> [WORK INSTRUCTION] Using the data below, reproduce exactly the lines from the line with "Chinese Oil Paper" to the line with "Marble Fashions Short", both included; pictures must be dropped.

> [ENTRIES SHOWN]
»»

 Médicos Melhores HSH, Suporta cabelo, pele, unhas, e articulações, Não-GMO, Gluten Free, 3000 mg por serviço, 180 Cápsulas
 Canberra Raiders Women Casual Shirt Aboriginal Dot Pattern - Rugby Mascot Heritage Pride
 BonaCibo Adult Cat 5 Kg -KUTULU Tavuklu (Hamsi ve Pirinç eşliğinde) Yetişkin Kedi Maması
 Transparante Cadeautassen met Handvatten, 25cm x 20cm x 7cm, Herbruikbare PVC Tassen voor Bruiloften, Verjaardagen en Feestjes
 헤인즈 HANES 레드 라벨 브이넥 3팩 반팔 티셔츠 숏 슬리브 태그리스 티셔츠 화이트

««
»»

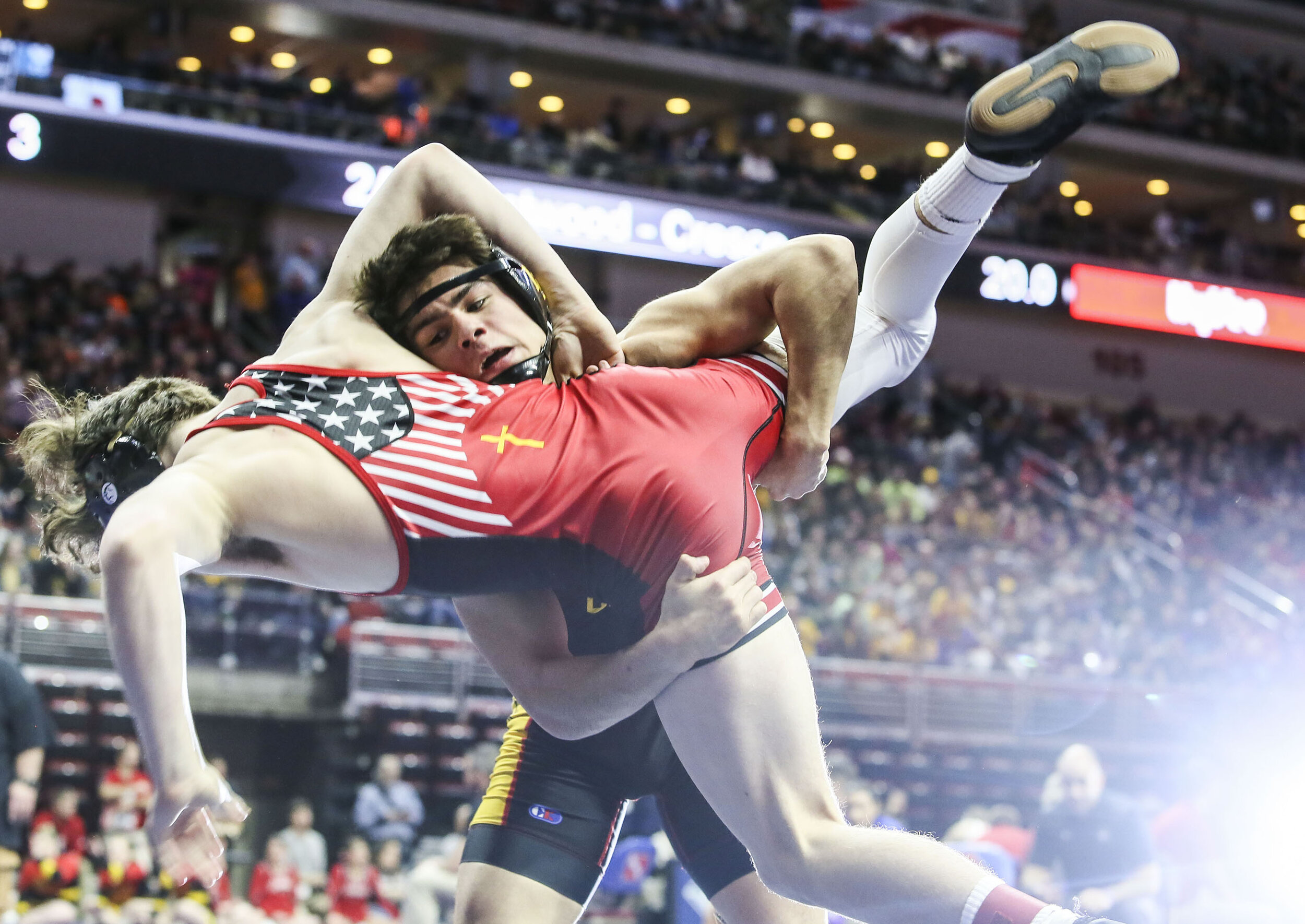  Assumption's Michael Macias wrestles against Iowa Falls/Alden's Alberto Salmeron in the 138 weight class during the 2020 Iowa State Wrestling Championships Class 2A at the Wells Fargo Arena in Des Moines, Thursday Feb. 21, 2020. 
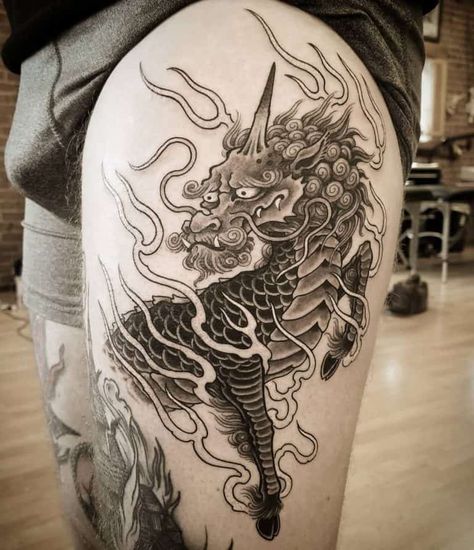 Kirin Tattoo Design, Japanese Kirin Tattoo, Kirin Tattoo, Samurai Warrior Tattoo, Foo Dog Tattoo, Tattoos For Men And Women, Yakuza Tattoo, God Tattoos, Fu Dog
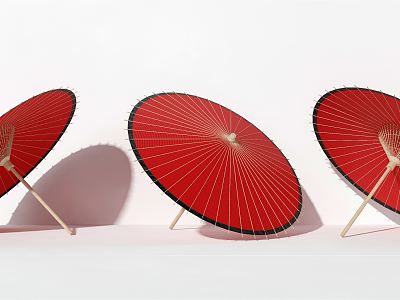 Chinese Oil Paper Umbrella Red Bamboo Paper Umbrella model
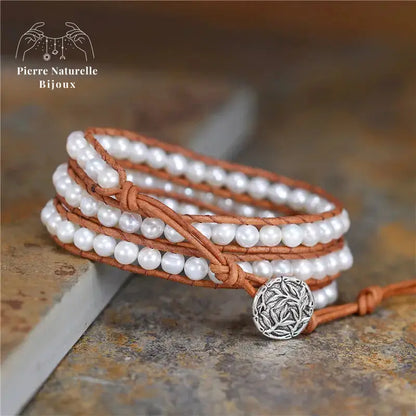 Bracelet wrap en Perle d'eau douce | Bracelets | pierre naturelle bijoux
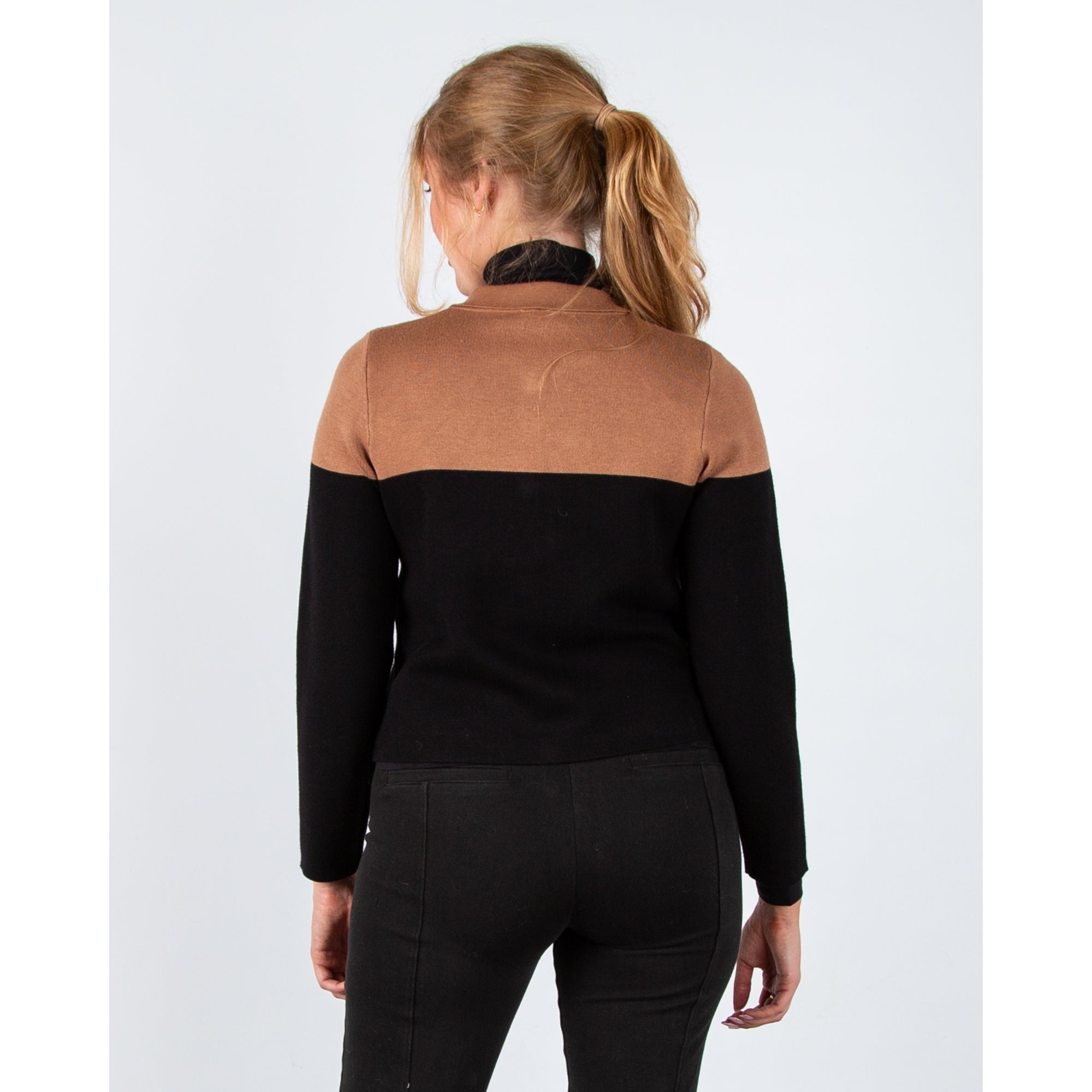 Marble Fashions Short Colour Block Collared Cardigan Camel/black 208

««

> [YOUR SOLUTION]
 Chinese Oil Paper Umbrella Red Bamboo Paper Umbrella model
 Bracelet wrap en Perle d'eau douce | Bracelets | pierre naturelle bijoux
 Marble Fashions Short Colour Block Collared Cardigan Camel/black 208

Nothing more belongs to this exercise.